Safar-e-bay III - the Search for Schlock

My journey today starts with a problem. Since compiling this trawl through the undergrowth the first item has gone. It was rather… um… controversial. It was a Dalek which the seller priced at nearly two thousand pounds (starting price, natch) and claimed was genuine. To prove this he added that it was signed by Jon Pertwee. Now, there are people who know a Dalek from a shit Dalek copy and they asked a few questions. The seller, remembering at all times that the customer is always right, hurled abuse at each and every one of them who dared to suggest that it wasn’t authentic. This is the closest match I could find online. The site hosting this image claims it is from the Ultimate Adventure stage play but David Brunt – an expert in such things – said about the ebay one “That's certainly not an "Ultimate Adventure" Dalek.” The seller also felt the need to mention to those criticising his listing that he had a house and a girlfriend. Classy guy.

Though he seemed to have nothing but scorn for Doctor Who and its fans – begging the question of how he obtained a full size Dalek – he bought this wardrobe. I bet he spent hours climbing into it and wishing it would disappear. As did we after reading his abusive, and frankly insane, tirades. We got our wish as he’s no longer registered with eBay.

The man selling this Tard… wardrobe doesn’t just do furniture. Oh ho ho no. Synergy is the buzzword of Y2KV and what better way to cross sell to your core demographic than by offering BOTH storage for clothes AND stuffed rodents?

The buyer of this delightful squirrel also bought several other items of interest to the taxidermy enthusiast. I bet his house is stuffed full... I can't go on with such a poor quality remark. Instead I'll leave the sawdust based preservation of wild creatures and delve a little deeper into his purchase history. It appears that he not only likes to bring the out doors inside, he is obviously a bit of a wilds dweller himself if these matches are anything to go by. Not for him the comfort of safety matches - these babies sell themselves on their ruggedness. As the seller says, "You can even strike 'em on the back of your pants!" Although he adds the disclaimer "They will 'strike anywhere' there is a slightly rough surface." So it depends on the type of trouser you are wearing. Don't waste your time rubbing them on your silk boxer shorts.

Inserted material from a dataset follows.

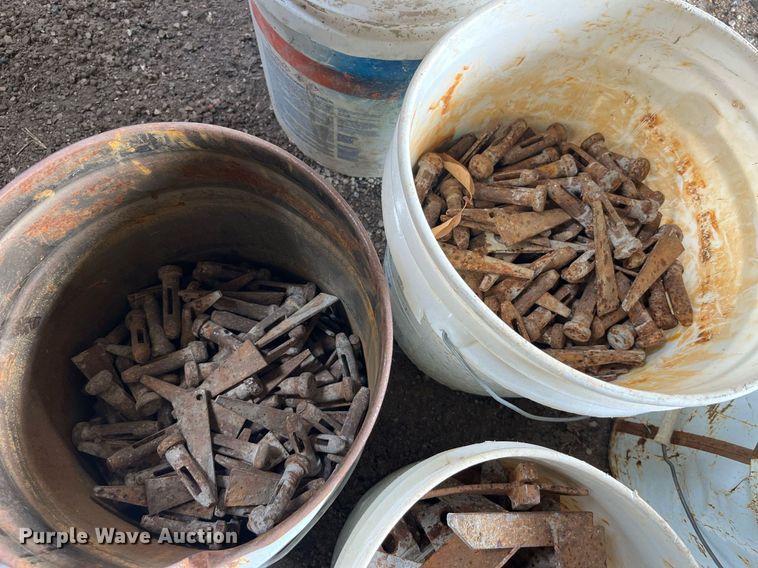 image for item LA9940 Approximately 138 concrete forms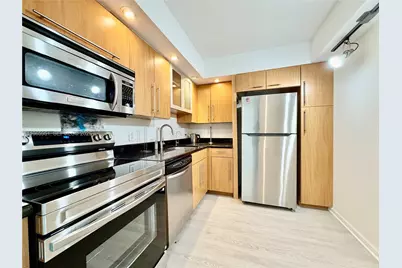 20515 E Country Club Dr #1642, Aventura, FL 33180 - Photo 4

The match seller is a single minded sort of guy. His buying history reveals page after damn page of lighters and torches. Perhaps he has a morbid fear of the dark, maybe he's just a keen amateur arsonist. Who knows. Of the many lighters in his collection, this seems to be the most inappropriate.

It is described as "Space Shuttle Memorial Zippo Lighter" and there can surely be no better way of paying tribute to those astronauts who died in a horrific fireball than a commemorative lighter.

Moving on to more jolly items, the lighter seller offered this delightful item for sale. For a mere $46.51 someone purchased probably the first Safar-e-bay item which I myself would like to own. It's not just a Swiss army knife - it's a Swiss army knife, fork AND spoon.

It's a thing of beauty and no mistake.

It was bought by a knife enthusiast with a softer side if we are to judge from this work of canine art. I’ve read the spec and I still don’t know what it is meant to be. The seller's spiel says "Employing a clever blend of composition and caricature, the sculptures capture the unique personality of each breed." Whatever.

At least I know what this is – from the dog seller – it’s a shoe.

Just the one shoe. Would suit unidexter. Actually, it's part of a range of collectable shoes described as "a miniature collectible made from cold cast porcelain". You will be amazed to learn that they are very popular in America. And, no doubt, certain parts of Leeds.

And finally, having started out with the Dalek – a military machine which perhaps doesn’t look suited to the battlefield – we move to our final item. The lone-shoe seller also sold someone a “MILITARY Macaw Parrot Collector Plate” - their capitalization not mine.

Is a military macaw one which, upon capture by the enemy, will only reveal its name, rank, serial number and the identity of who it considers to be a pretty boy?

On that note I'll log off from eBay and let you live your lives.